While this bias to forgiveness might be most obvious regarding issues of race and representation, it’s equally likely when it comes to gender. According to McDonald, too few critics challenge films that sideline the inner lives of women. “What’s more insidious is an acceptance of the male gaze as a neutral gaze, as the objective truth, because it’s just so damn predominant. And I think critics get lazy and they don’t challenge it … After a while, female characters who don’t have much to do or say becomes the status quo, and few critics challenge that,” she said.
IDENTITY OVER EVERYTHING?
One of the main critiques of the push for more diversity in criticism is that it shouldn’t matter what a critic’s identity is, because a good film is a good film. Supposedly, the cream rises to the top, and all minority filmmakers have to do is to make excellent art. But what the critique doesn’t acknowledge that our very ideas about what constitutes “excellence” are shaped by the long history of privileging the work of straight white men. Anything that deviates from the norm is considered obscure or niche.
One of the ways this can be seen most clearly is in the designation of any film with a majority Black cast as a “Black film” regardless of the subject matter the story. As McDonald says:
“[I]t is the soft bigotry of low expectations that always seems to accompany films with majority-minority casts. I think the conversation about this has evolved in the past few years […] but when it comes to more pop-py POC films that are aimed at a broader audience, like say Girls Trip, or The Best Man Holiday, there’s always a surprise when they do well at the box office! Why be surprised? Black people over-index when it comes to the ticket-buying audience.”
But a critic’s identity can and does “add value” so to speak to the reviews they produce. Having a perspective that isn’t usually present in the mainstream means that they are able to see and highlights aspects of a film that might otherwise be overlooked. As Castillo says, “I understand choreography and how the body moves, which is helpful anytime dance is a part of a movie. Why can’t my lived experience as a Latina be as much as an asset to my criticism as my experience as a dance teacher?”
The 2018 study entitled “Thumbs Down 2018: Film Critics and Gender, and Why It Matters” conducted by the Center for the Study of Women in Television and Film concluded that “in every type of media outlet, male reviewers dramatically outnumber female reviewers” and showed how that gender imbalance can affect everything to how the film’s directors are described to how positively the films are rated. Nearly every analysis of the state of criticism shows that the lack of female critics and critics of color has a measurable effect on the consensus around a film.

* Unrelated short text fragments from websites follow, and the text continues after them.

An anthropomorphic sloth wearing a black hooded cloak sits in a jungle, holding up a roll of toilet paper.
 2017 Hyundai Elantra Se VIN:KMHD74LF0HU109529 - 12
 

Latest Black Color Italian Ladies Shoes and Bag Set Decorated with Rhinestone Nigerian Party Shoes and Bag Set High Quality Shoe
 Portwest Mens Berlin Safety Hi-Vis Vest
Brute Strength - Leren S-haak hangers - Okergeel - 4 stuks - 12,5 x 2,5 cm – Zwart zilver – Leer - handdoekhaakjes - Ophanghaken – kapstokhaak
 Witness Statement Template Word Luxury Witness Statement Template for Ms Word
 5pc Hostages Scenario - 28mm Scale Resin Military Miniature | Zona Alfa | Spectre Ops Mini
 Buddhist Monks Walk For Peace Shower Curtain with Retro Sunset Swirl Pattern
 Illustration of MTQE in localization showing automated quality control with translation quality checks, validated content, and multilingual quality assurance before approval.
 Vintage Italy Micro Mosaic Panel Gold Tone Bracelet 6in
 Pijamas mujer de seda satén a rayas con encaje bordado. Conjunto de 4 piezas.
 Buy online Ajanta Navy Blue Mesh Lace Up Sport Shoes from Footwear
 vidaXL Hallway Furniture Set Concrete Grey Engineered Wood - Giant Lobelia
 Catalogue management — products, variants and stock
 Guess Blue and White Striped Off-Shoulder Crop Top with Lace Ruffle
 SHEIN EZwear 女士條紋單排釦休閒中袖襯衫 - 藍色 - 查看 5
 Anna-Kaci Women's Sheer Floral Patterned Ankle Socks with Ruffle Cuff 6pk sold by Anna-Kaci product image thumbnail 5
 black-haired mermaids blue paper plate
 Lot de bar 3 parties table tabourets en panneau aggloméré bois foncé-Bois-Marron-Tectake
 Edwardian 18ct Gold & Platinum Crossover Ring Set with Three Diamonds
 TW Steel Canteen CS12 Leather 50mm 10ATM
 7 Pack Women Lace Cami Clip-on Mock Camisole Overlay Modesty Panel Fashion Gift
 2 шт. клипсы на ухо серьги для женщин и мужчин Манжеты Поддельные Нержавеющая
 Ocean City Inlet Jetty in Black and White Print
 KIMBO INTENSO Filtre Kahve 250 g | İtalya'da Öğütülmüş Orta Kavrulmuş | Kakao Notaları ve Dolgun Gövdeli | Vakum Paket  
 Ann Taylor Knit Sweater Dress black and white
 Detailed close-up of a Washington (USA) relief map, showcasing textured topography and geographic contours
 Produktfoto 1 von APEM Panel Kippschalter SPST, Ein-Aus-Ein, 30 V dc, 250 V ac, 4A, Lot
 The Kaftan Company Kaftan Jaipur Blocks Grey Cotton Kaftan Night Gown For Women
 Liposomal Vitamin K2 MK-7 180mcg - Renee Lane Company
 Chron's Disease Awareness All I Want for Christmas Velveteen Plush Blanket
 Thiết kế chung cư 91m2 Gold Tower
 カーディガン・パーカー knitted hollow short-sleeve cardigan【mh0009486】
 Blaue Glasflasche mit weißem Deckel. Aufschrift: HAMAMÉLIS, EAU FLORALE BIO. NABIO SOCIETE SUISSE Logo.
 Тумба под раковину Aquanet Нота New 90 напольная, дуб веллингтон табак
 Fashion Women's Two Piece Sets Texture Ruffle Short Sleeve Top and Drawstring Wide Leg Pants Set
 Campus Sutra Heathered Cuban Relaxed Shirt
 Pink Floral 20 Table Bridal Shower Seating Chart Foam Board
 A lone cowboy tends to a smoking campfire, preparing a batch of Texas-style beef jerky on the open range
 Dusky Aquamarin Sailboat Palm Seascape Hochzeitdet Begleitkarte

It’s heartening to see that many institutions like Rotten Tomatoes, Toronto International Film Festival, and Sundance Film Festival are making an active effort to offset this imbalance by reviewing their strict policies on credentialism to allow for a diversity of voice to participate in the discussions we have about the stories we tell. Concrete efforts to diversify the critic pool is the only way to ensure that not only do more diverse creators get a fair assessment of their work, but that the conversations around their films will broadly and comprehensively evaluate the movie from a variety of perspectives that might matter to moviegoers.
It’s not just about the stories. Journalism is also about who is telling them.